Kellogg was an even stronger advocate against masturbation and sexual excess than Graham. He not only believed that a diet and lifestyle stripped of stimulants would lower the desire to self-pollute, he also advocated things like special circumcisions and surgeries to prevent masturbation. He’s been quoted to recommend sewing a silver suture into the foreskin to prevent it from pulling back from the glans thus preventing erections. He also suggested using phenol, an acid, to curb the use to self-pleasure. He recommended everything from cages, administering blisters on genitalia and electric shock. This man would stop at nothing to stop you from rubbing one out. He was adamant in his cause because like Graham he believed that self-abuse, or venereal excess, as Graham called it, would lead to disease and insanity.

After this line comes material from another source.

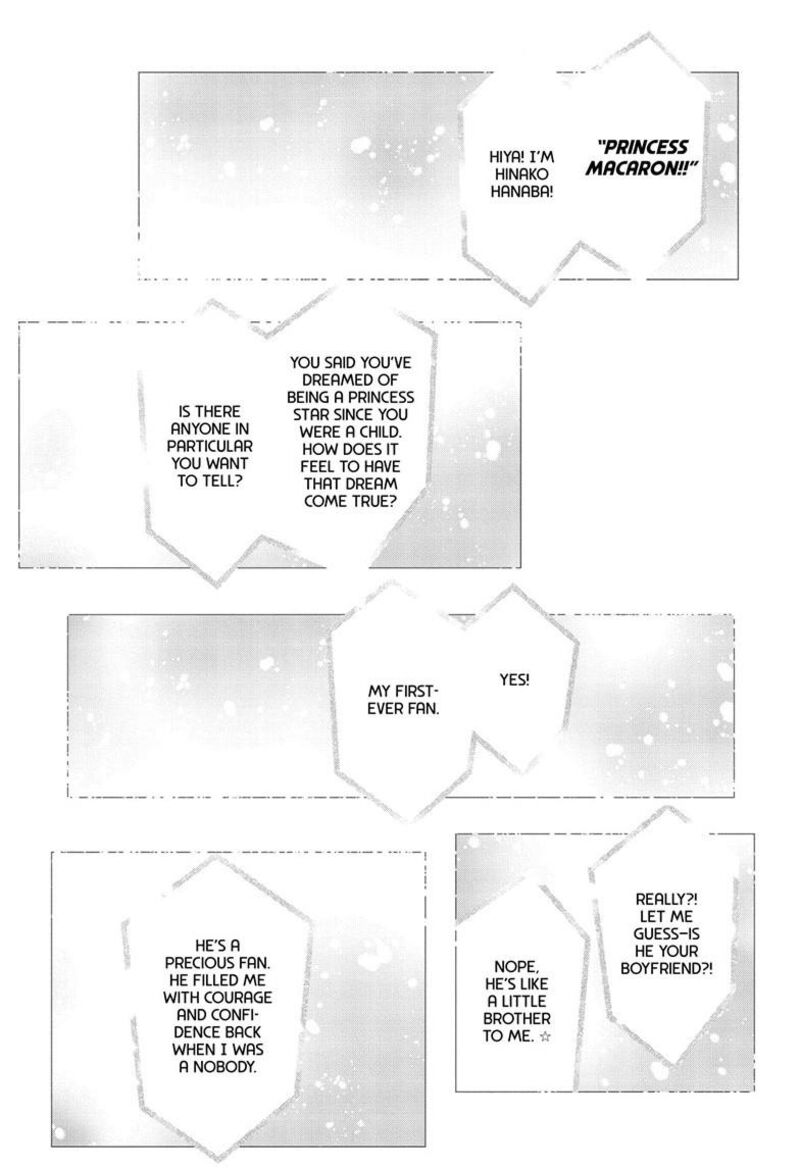 Aishiteru Game Wo Owarasetai 70 34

Kellogg’s cereal is slightly different today than in the early days. JH’s plain flakes of corn now have some sugar, malt, high fructose corn syrup and other ingredients. The company also makes sugar-laden cereals like Froot Loops and Cocoa Krispies. Graham’s crackers changed a lot after the company changed hands. The crackers are now made with white flour and contain sugar. I was quite fond of the cinnamon sugar covered ones when I was a kid. Reverend Graham would be horrified to see what is now considered a graham cracker, especially when marshmallows and chocolate bars are sandwiched between them. You can find healthier options made of whole grain with low or no sugar at health food stores but what you find in a grocery story is not the tool against onanism from back in the day. We’ve also thankfully learned that masturbation is healthy and can help with many of the ailments it was once blamed for.